この状態から離陸せんがために、基礎の基礎から組織作りを始めていた。米国本社からも上海にあるアジア本社からも何の支援もない。自分の所属する業界に全く興味にない民僚には何をしなければならないのか分からない。神経質になるのは自分達のポイントになるかならないかだけだ。おかげで、意味のない、自分達のポイント稼ぎの手伝いをさせられた。そのたびに噛み付いたが、
業界知識も製品に関する技術的な知識もなにも、もっと言ってしまえば一社会人としての人間性にまでかかわる常識すら持ちあわせていないにもかかわらず、明確なビジョンをもって創造的な仕事をしていますという、見てくれだけは整えるのが上手な民僚の集まりだった。そこでは人としての最低限の謙虚さは美徳ではなく危険思想だった。
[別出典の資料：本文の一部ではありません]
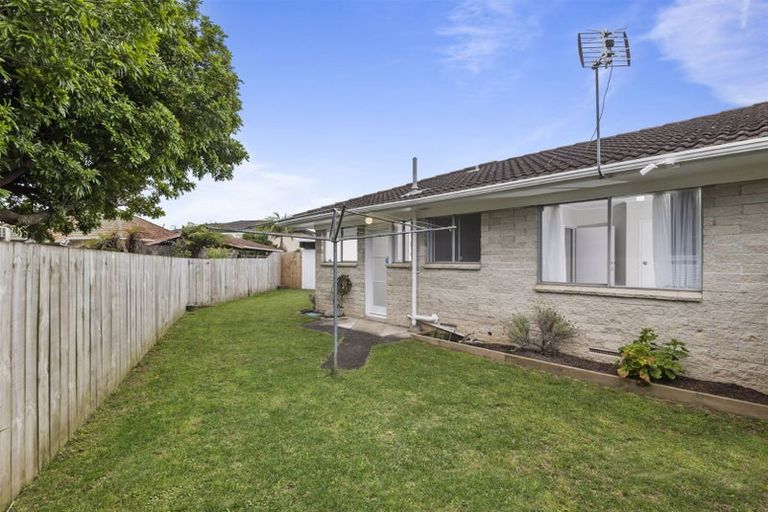 Photo of property in 1/17a Rose Road, Papatoetoe, Auckland, 2025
自分の至らない点を他人に明らかにすれば、己が任にあたわずであることを自ら認めたことにでもなる文化なのだろう。無能が有能ぶって闊歩するためにスキルが最重要能力とされていた。中身のないプレゼンテーションが表面的なプレゼンテーションのスキルによって高い評価を受ける。それも当然だろう。プレゼンテーションする側も聞く側も、中身を理解する能力のある人材はほとんどいないのだから、プレゼンテーションを評価する立場にいる人達は中身(中身は分からない)ではなく、プレゼンテーションを評価するという倒錯が起きる。コーポレートと社内では呼ばれていた日本の全ての事業体を管理統括する日本支社の社長も堪能な英語でのプレゼンテーション力(?)を買われて雇われたと側近の周辺から聞いた。言動を見れば、噂の通りだとしか思えない。一緒にされたら、迷惑だ。長居するところじゃない。